How do I choose the optimal batch size?



Batch size is a term used in machine learning and refers to the number of training examples utilised in one iteration. The batch size can be one of three options:

  1. batch mode: where the batch size is equal to the total dataset thus making the iteration and epoch values equivalent
  2. mini-batch mode: where the batch size is greater than one but less than the total dataset size. Usually, a number that can be divided into the total dataset size.
  3. stochastic mode: where the batch size is equal to one. Therefore the gradient and the neural network parameters are updated after each sample.

How do I choose the optimal batch size, for a given task, neural network or optimization problem?

If you hypothetically didn't have to worry about computational issues, what would the optimal batch size be?

From this awesome blog

How to Configure Mini-Batch Gradient Descent

Mini-batch gradient descent is the recommended variant of gradient descent for most applications, especially in deep learning.
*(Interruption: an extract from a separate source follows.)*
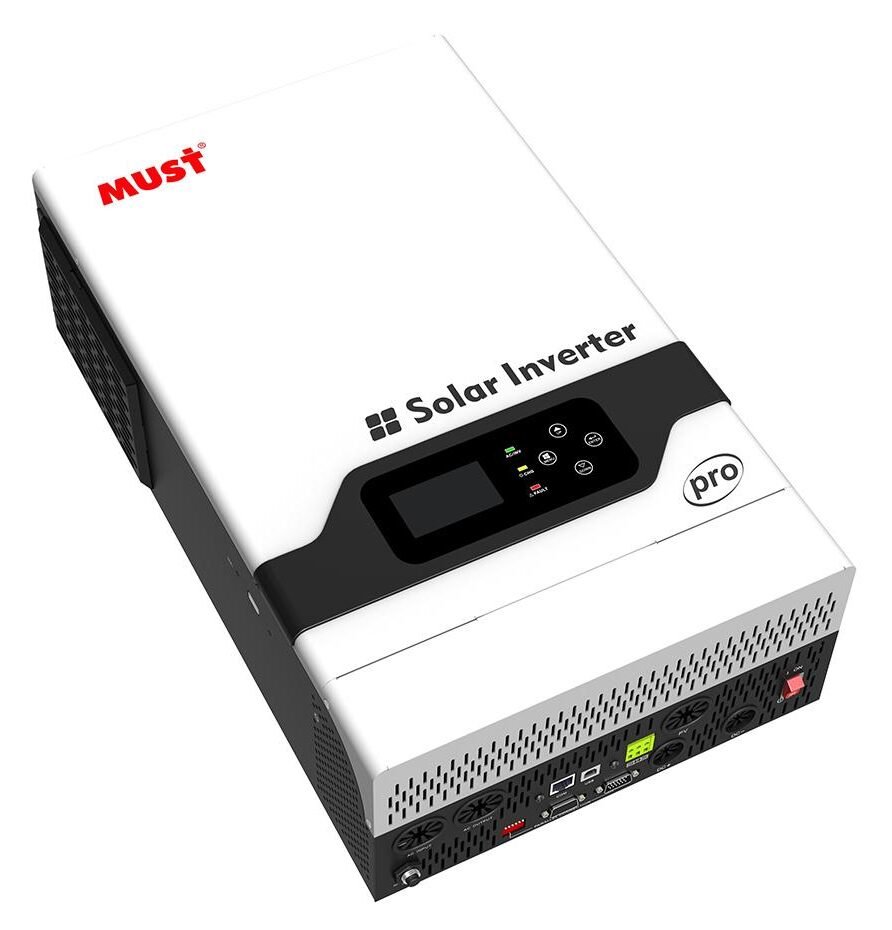 Must inverter 3kva 24v PRO - Image 4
Mini-batch sizes, commonly called “batch sizes” for brevity, are often tuned to an aspect of the computational architecture on which the implementation is being executed. Such as a power of two that fits the memory requirements of the GPU or CPU hardware like 32, 64, 128, 256, and so on.

Batch size is a slider on the learning process.

  • Small values give a learning process that converges quickly at the cost of noise in the training process.
  • Large values give a learning process that converges slowly with accurate estimates of the error gradient.

A good default for batch size might be 32


Here are a few guidelines, inspired by the deep learning specialization course, to choose the size of the mini-batch:

  • If you have a small training set, use batch gradient descent (m < 200)

In practice:

  • Batch mode: long iteration times
  • Mini-batch mode: faster learning
  • Stochastic mode: lose speed up from vectorization

The typically mini-batch sizes are 64, 128, 256 or 512.

And, in the end, make sure the minibatch fits in the CPU/GPU.

Have also a look at the paper Practical Recommendations for Gradient-Based Training of Deep Architectures (2012) by Yoshua Bengio.